Caption-style text data
+ + + +

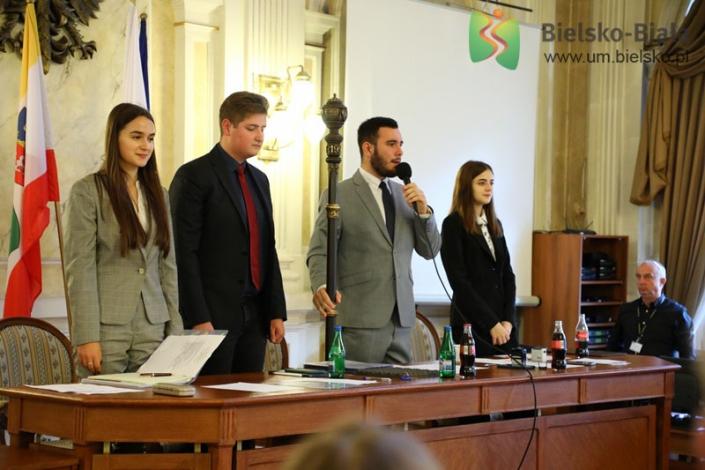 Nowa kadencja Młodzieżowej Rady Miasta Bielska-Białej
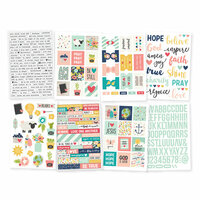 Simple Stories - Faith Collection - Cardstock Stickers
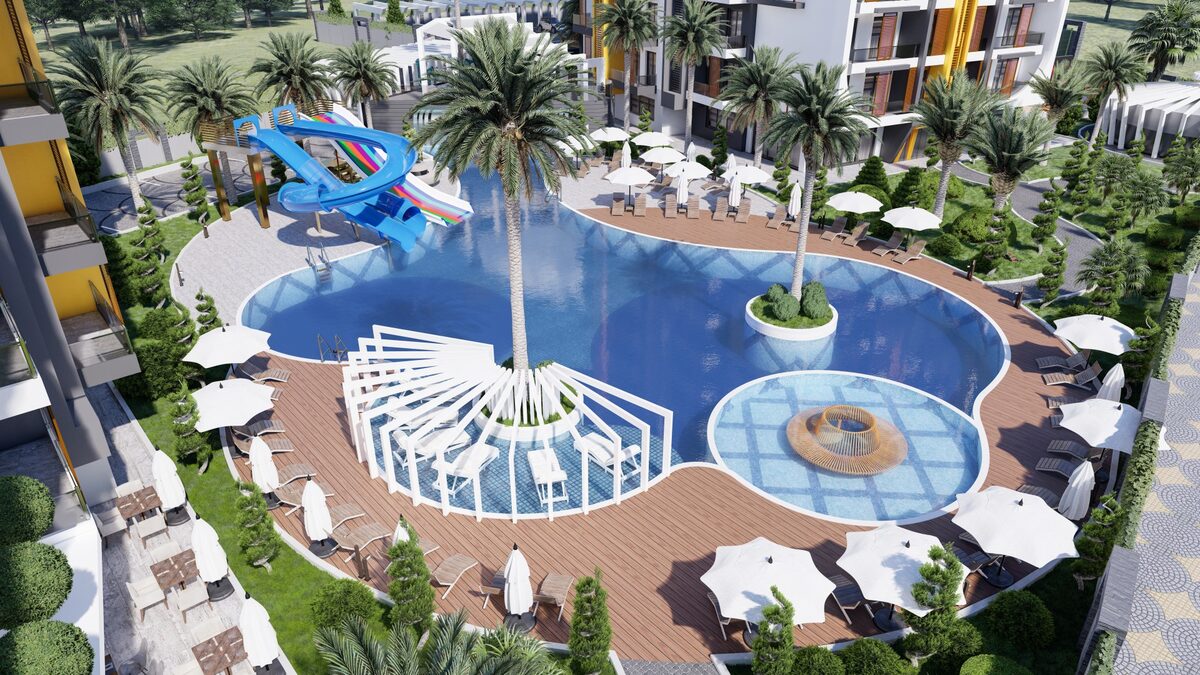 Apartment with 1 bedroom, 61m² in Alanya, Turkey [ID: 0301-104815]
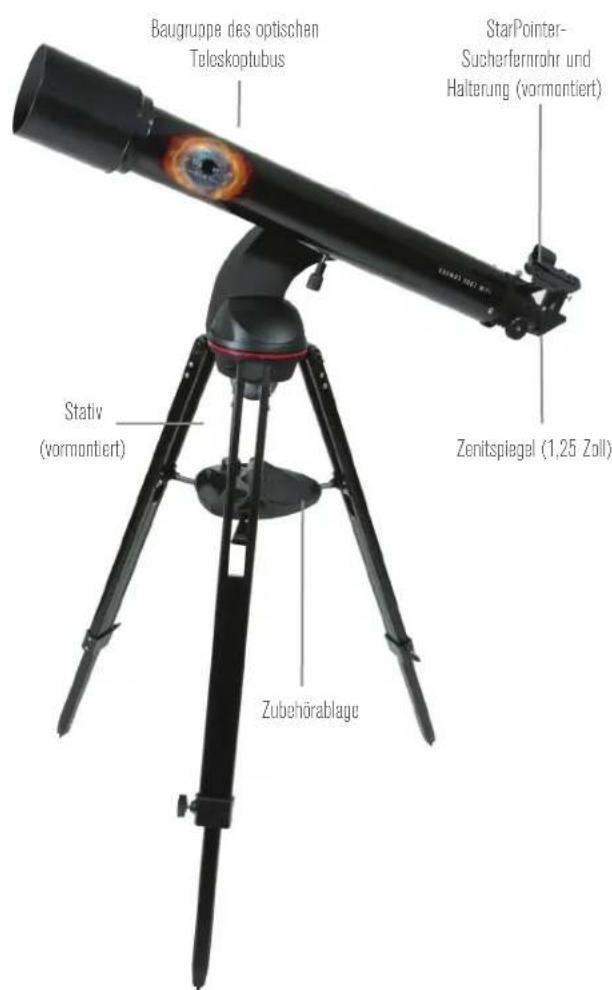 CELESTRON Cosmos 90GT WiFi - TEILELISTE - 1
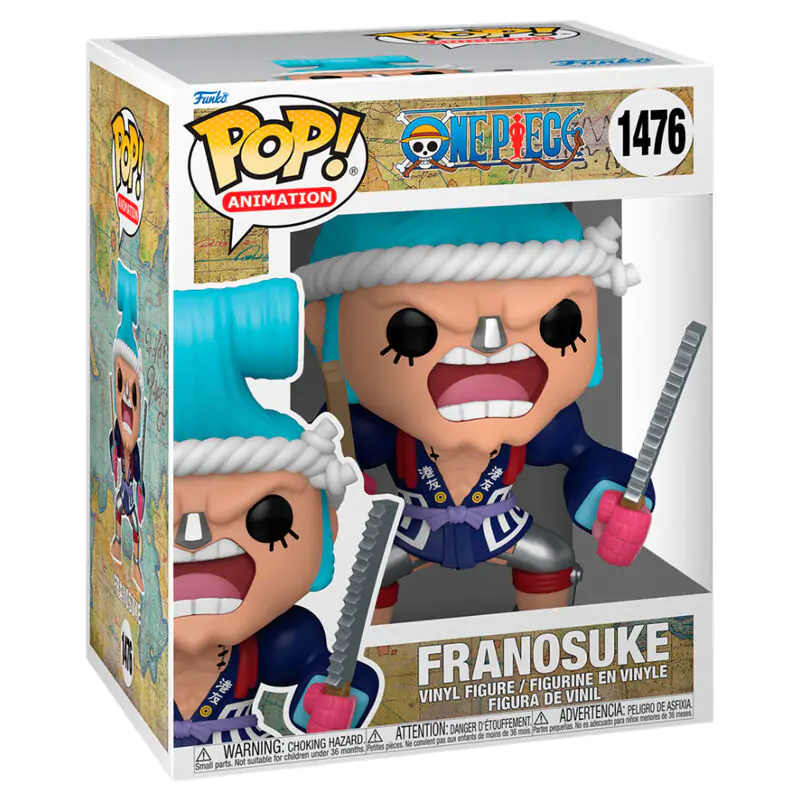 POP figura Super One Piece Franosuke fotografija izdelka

+ + + +

Aim of the task → The expected response is every entry above, repeated exactly, pictures removed.

Answer to this exercise →
 Nowa kadencja Młodzieżowej Rady Miasta Bielska-Białej
 Simple Stories - Faith Collection - Cardstock Stickers
 Apartment with 1 bedroom, 61m² in Alanya, Turkey [ID: 0301-104815]
 CELESTRON Cosmos 90GT WiFi - TEILELISTE - 1
 POP figura Super One Piece Franosuke fotografija izdelka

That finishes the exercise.